### Crawled caption data
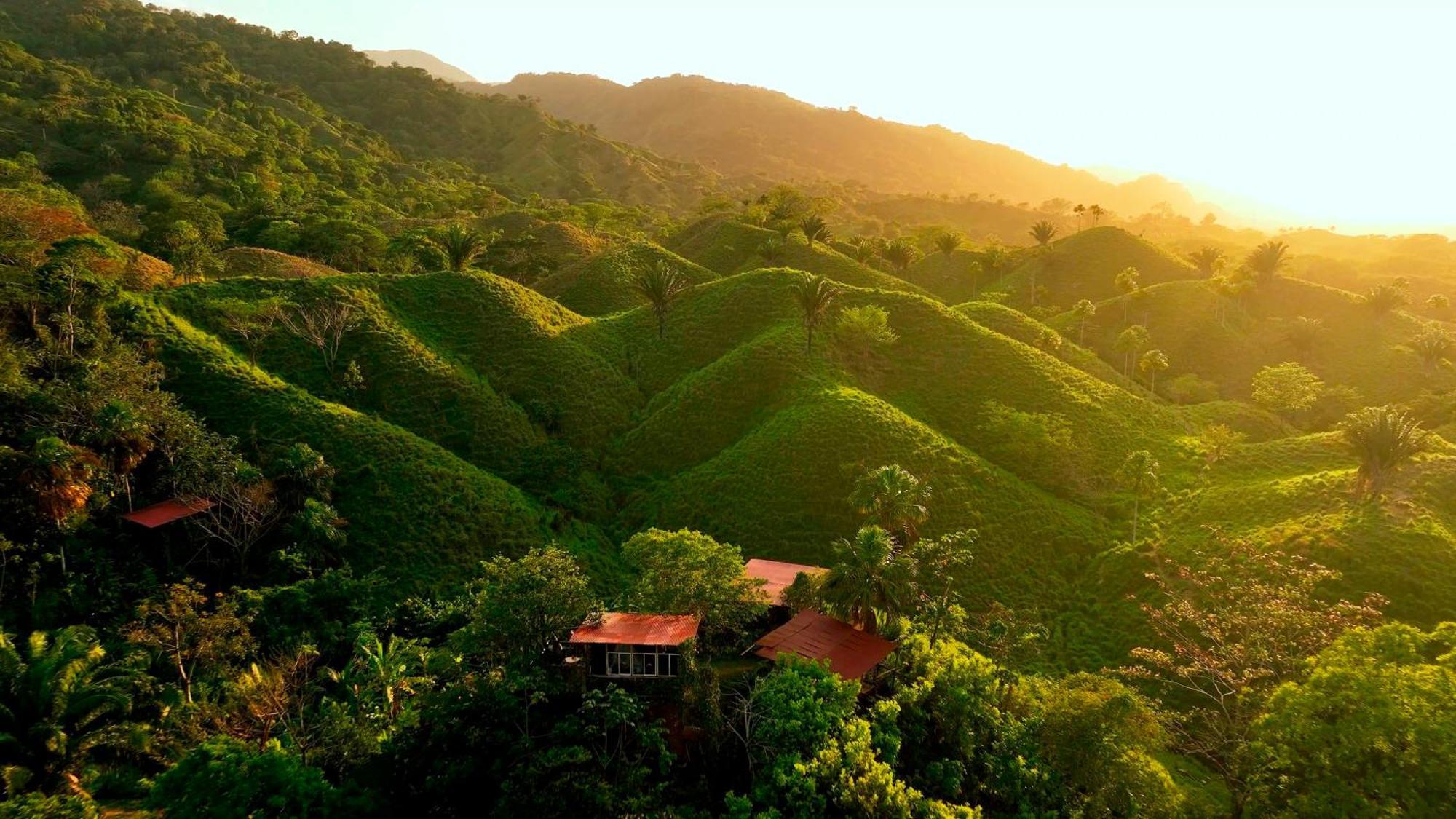 The Valley Tayrona Hostel- A Social Jungle Hostel 엘 자이노 외부 사진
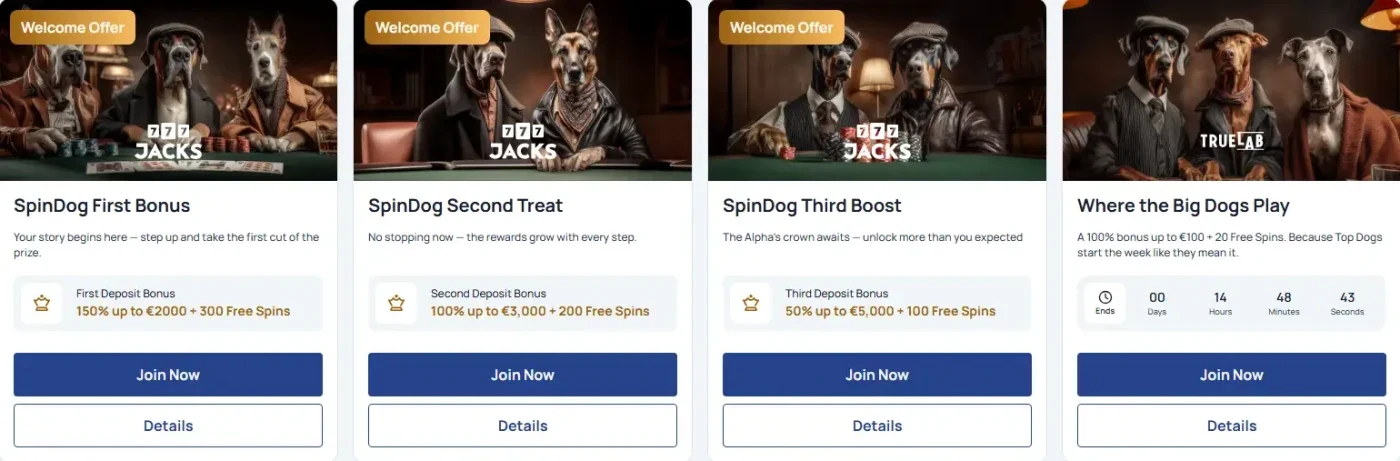 Spindog Casino banner
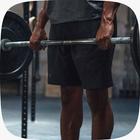 Gym Wallpaper icono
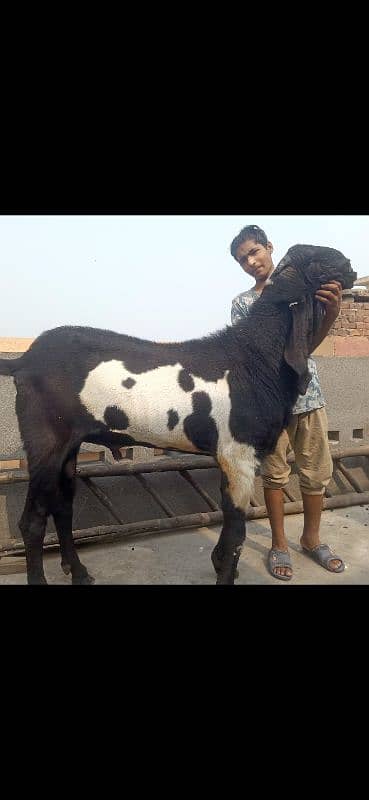 Breeder Bakra for sale 1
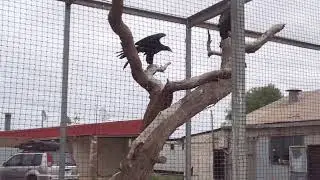 Wedgetail Eagles at Cocklebiddy Roadhouse, South Australia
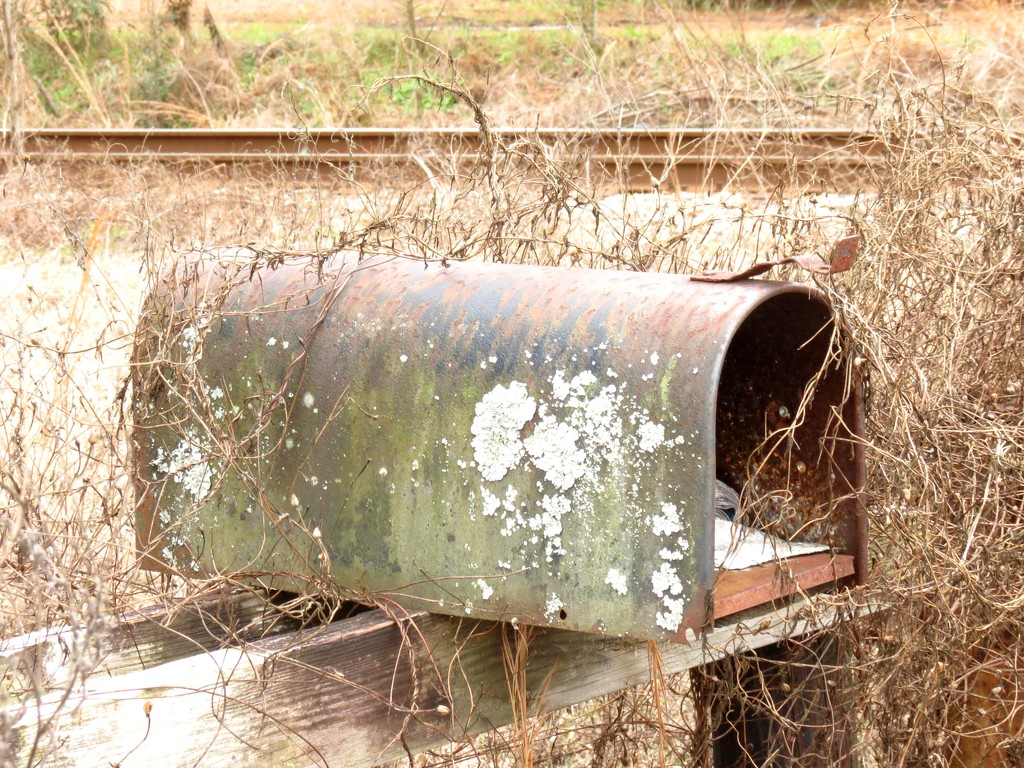 The Last Mailbox Standing by grammyn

### TASK STATEMENT
Beginning with the line with "Spindog Casino banner", repeat the entries above exactly, up to and including the last line, leaving out pictures.

### PROBLEM SOLUTION
 Spindog Casino banner
 Gym Wallpaper icono
 Breeder Bakra for sale 1
 Wedgetail Eagles at Cocklebiddy Roadhouse, South Australia
 The Last Mailbox Standing by grammyn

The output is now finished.